As two pointers that have the same value always point at the same object (they contain the same address), the object that is being pointed to may be accessed and modified through both. This gives the semantics of having passed the pointed to object by reference, although no references ever actually existed - there simply are no references in C. Take a look at the changed example:

void foo(int* param) { (*param)++; }

int main()
{
  int x = 5;
  foo(&x);
  printf("%d\n",x); // x == 6
}

We can say when passing the int* into a function, that the int it points to was "passed by reference" but in truth the int was never actually passed anywhere at all - only the pointer was copied into the function. This gives us the colloquial¹ meaning of "pass by value" and "pass by reference".

The usage of this terminology is backed up by terms within the standard. When you have a pointer type, the type that it is pointing to is known as its referenced type. That is, the referenced type of int* is int.

A pointer type may be derived from a function type, an object type, or an incomplete
type, called the referenced type.

While the unary * operator (as in *p) is known as indirection in the standard, it is commonly also known as dereferencing a pointer. This further promotes the notion of "passing by reference" in C.

C++

C++ adopted many of its original language features from C. Among them are pointers and so this colloquial form of "passing by reference" can still be used - *p is still dereferencing p. However, using the term will be confusing, because C++ introduces a feature that C doesn't have: the ability to truly pass references.

A type followed by an ampersand is a reference type². For example, int& is a reference to an int. when passing an argument to a function that takes reference type, the object is truly passed by reference. There are no pointers involved, no copying of objects, no nothing. The name inside the function actually refers to exactly the same object that was passed in. To contrast with the example above:

void foo(int& param) { param++; }

int main()
{
  int x = 5;
  foo(x);
  std::cout << x << std::endl; // x == 6
}

Now the foo function has a parameter that is a reference to an int. Now when passing x, param refers to precisely the same object. Incrementing param has a visible change on the value of x and now x has the value 6.

In this example, nothing was passed by value. Nothing was copied. Unlike in C, where passing by reference was really just passing a pointer by value, in C++ we can genuinely pass by reference.

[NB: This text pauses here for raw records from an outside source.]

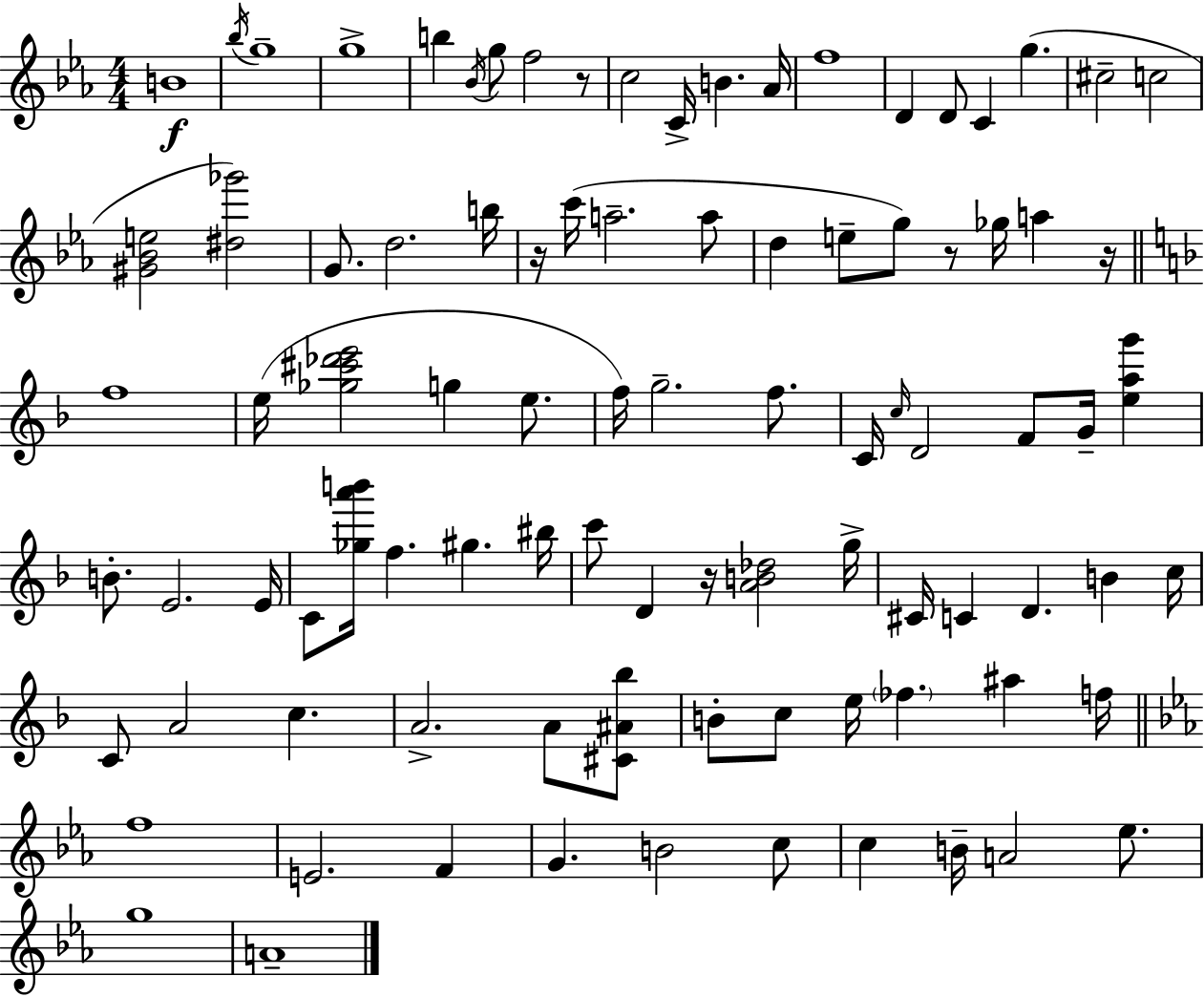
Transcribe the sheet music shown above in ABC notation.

X:1
T:Untitled
M:4/4
L:1/4
K:Eb
B4 _b/4 g4 g4 b _B/4 g/2 f2 z/2 c2 C/4 B _A/4 f4 D D/2 C g ^c2 c2 [^G_Be]2 [^d_g']2 G/2 d2 b/4 z/4 c'/4 a2 a/2 d e/2 g/2 z/2 _g/4 a z/4 f4 e/4 [_g^c'_d'e']2 g e/2 f/4 g2 f/2 C/4 c/4 D2 F/2 G/4 [eag'] B/2 E2 E/4 C/2 [_ga'b']/4 f ^g ^b/4 c'/2 D z/4 [AB_d]2 g/4 ^C/4 C D B c/4 C/2 A2 c A2 A/2 [^C^A_b]/2 B/2 c/2 e/4 _f ^a f/4 f4 E2 F G B2 c/2 c B/4 A2 _e/2 g4 A4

Because of this potential ambiguity in the term "pass by reference", it's best to only use it in the context of C++ when you are using a reference type. If you are passing a pointer, you are not passing by reference, you are passing a pointer by value (that is, of course, unless you are passing a reference to a pointer! e.g. int*&). You may, however, come across uses of "pass by reference" when pointers are being used, but now at least you know what is really happening.

Other languages

Other programming languages further complicate things. In some, such as Java, every variable you have is known as a reference to an object (not the same as a reference in C++, more like a pointer), but those references are passed by value. So even though you appear to be passing to a function by reference, what you're actually doing is copying a reference into the function by value. This subtle difference to passing by reference in C++ is noticed when you assign a new object to the reference passed in:

public void foo(Bar param) {
  param.something();
  param = new Bar();
}

If you were to call this function in Java, passing in some object of type Bar, the call to param.something() would be called on the same object you passed in. This is because you passed in a reference to your object. However, even though a new Bar is assigned to param, the object outside the function is still the same old object. The new one is never seen from the outside. That's because the reference inside foo is being reassigned to a new object. This kind of reassigning references is impossible with C++ references.

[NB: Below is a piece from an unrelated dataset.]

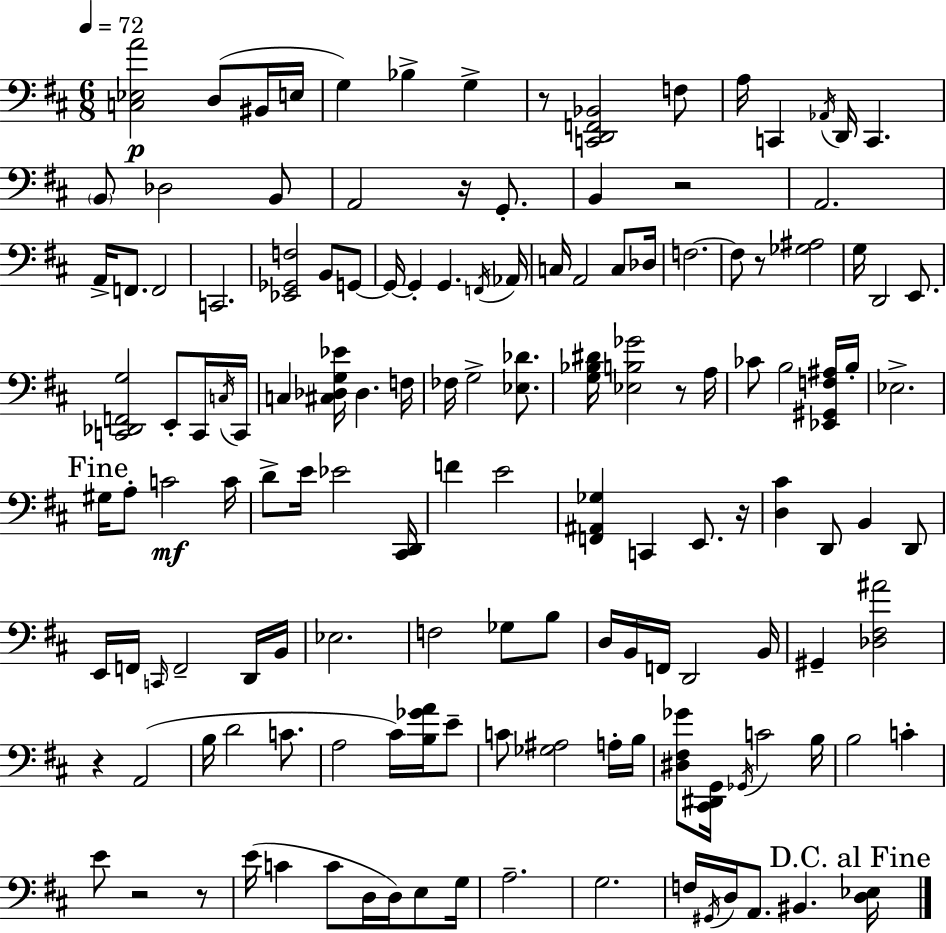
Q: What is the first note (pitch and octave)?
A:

¹ By "colloquial", I don't mean to suggest that the C meaning of "pass by reference" is any less truthful than the C++ meaning, just that C++ really does have reference types and so you are genuinely passing by reference. The C meaning is an abstraction over what is really passing by value.

² Of course, these are lvalue references and we now have rvalue references too in C++11.

Meaning of pass by reference in C and C++?

In colloquial usage, "pass by reference" means that, if the callee modifies its arguments, it affects the caller, because the argument as seen by the callee refers to the value as seen by the caller.

The phrase is used independent of the actual programming language, and how it calls things (pointers, references, whatever).

In C++, call-by-reference can be done with references or pointers. In C, call-by-reference can only be achieved by passing a pointer.

"Call by value":

void foo( int x )
{
    // x is a *copy* of whatever argument foo() was called with
    x = 42;
}

int main()
{
    int a = 0;
    foo( a );
    // at this point, a == 0
}

"Call by reference", C style:

void foo( int * x )
{
    // x is still a *copy* of foo()'s argument, but that copy *refers* to
    // the value as seen by the caller
    *x = 42;
}

int main()
{
    int a = 0;
    foo( &a );
    // at this point, a == 42
}

So, strictly speaking, there is no pass-by-reference in C. You either pass the variable by-value, or you pass a pointer to that variable by-value.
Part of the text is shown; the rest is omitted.